In a second step, the ~0 K formation enthalpies of AB₂O₄ compounds were estimated based on pressure-dependent total ionization energies and correlated with the thermodynamic volumes calculated from the relations between ionic and molar volumes. The functional relations provide phase transformation sequences at 0 K, which, however, largely overestimate the transformation pressures for most of the transitions based on interpolated empirical boundaries. While such extremely simple energy-calculations are not expected to provide accurate pressures or compete with more sophisticated computations, the present findings discourage hopes of finding a computationally cheap predictive tool that provides both volumes and plausible structures for any given oxide composition and pressure (density functional theory requires realistic volumes and structures as input, genetic algorithms require volumes).
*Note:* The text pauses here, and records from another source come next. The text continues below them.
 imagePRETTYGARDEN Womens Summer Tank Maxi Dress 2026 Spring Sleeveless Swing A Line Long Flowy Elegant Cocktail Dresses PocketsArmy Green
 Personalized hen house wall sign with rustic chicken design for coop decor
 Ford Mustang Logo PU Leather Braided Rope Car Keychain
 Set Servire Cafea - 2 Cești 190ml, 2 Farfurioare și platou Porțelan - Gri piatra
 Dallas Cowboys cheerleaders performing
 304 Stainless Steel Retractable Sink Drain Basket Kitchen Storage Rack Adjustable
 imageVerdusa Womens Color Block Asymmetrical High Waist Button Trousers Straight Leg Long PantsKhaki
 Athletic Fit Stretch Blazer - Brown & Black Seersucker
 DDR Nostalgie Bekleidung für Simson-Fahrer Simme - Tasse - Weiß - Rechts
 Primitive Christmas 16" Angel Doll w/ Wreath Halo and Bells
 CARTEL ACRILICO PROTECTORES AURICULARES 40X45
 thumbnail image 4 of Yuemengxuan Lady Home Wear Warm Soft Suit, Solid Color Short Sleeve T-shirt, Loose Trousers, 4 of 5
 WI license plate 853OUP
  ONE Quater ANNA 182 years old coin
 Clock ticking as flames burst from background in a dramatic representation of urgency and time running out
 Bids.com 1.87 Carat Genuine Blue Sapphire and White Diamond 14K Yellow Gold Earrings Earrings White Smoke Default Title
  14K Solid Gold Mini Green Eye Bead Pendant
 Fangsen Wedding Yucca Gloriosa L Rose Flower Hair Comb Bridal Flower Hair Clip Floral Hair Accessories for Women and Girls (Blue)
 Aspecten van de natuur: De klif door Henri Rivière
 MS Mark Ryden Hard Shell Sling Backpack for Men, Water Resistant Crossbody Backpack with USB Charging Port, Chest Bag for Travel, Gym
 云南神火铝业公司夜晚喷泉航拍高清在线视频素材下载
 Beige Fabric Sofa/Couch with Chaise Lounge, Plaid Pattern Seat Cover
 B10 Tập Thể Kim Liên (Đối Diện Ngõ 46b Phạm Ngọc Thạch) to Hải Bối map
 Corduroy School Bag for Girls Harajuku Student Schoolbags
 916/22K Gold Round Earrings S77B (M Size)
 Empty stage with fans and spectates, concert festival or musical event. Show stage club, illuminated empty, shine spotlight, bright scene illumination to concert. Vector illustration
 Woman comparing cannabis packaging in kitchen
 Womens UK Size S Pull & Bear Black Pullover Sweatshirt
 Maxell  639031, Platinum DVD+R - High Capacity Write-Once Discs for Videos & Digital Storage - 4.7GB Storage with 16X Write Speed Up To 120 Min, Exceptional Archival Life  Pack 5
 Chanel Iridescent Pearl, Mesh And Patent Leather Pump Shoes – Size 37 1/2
The ratios of the ionic radii of spinels and their postspinel dimorphs relate to the total nuclear charge number Σ_i n_iZ_i in an interesting way, suggesting that those ratios are never beyond certain bounds for a given Σ_i n_iZ_i. It is proposed that this relation, as well as the molar–ionic volume relations for postspinels, serve as constraints for volume assessments of initial structure models in structure analyses, although specific instances that shift the volumes beyond those limits, such as the onset of disorder in weakly metastable phases, must be considered.

Thus, the present results show that, within uncertainties in the 10%–20% range, thermodynamic volumes can be constrained based on ionic volumes only and provide structure-related measures of spatially averaged bond ionicity. Hence, the ‘ionic volume’ concept can serve towards establishing a taxonomy of structures according to their bond character.